Im Hinblick darauf, dass die angefochtene Beseitigungsverfügung mit überwiegender Wahrscheinlichkeit rechtswidrig ist, ergibt die vom Gericht nach § 80 Abs. 5 VwGO vorzunehmende Interessenabwägung ein überwiegendes privates Interesse des Antragstellers, von einer sofortigen Vollziehung der Beseitigungsverfügung vorläuft verschont zu bleiben gegenüber dem öffentlichen Interesse an einer sofortigen Vollziehung dieser Verfügung. Entsprechendes gilt für die Androhung der Ersatzvornahme.

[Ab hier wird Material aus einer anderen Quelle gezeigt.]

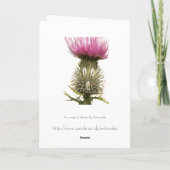 やじり声月曜日! 挨拶状 カード (裏面)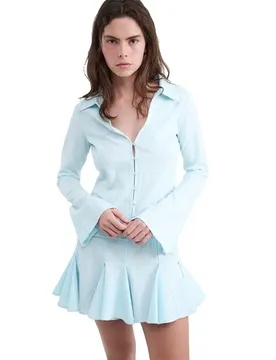 Camicia A Maniche Lunghe 30000576 Texture Light Blue XL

Die Antragsgegnerin hat gemäß § 154 Abs. 1 VwGO die Kosten des gesamten Verfahrens zu tragen.

Die Streitwertfestsetzung richtet sich nach der Bedeutung der Sache für den Antragsteller als Rechtsmittelführer (§§ 47, 52 Abs. 1 und 2, 53 Abs. 3 Nr. 1 GKG). Dabei bewertet der Senat abweichend von der erstinstanzlichen Festsetzung die Bedeutung der Beseitigungsverfügung für den Antragsteller mit dem Substanzwert der Gebäude, den der Senat mit einem Betrag von 100,-- € je m³ umbauten Raumes schätzt. Bei einem umbauten Raum von ca. 100 m³ ergibt sich somit ein Wert von 10.000,-- €. Hinzu kommt die Hälfte des veranschlagten Betrages der angedrohten Ersatzvornahme (3.000,-- €) sowie die festgesetzte Verwaltungsgebühr in Höhe von 820,-- €. Von der Summe (13.820,-- €) wird im Verfahren des einstweiligen Rechtsschutzes die Hälfte in Ansatz gebracht. Die Befugnis zur Abänderung des erstinstanzlich festsetzten Streitwerts ergibt sich aus § 63 Abs. 3 Satz 1 GKG.

Dieser Beschluss ist gemäß §§ 152 Abs. 1 VwGO, 68 Abs. 1 Satz 5 i. V. m. § 66 Abs. 3 Satz 3 GKG unanfechtbar.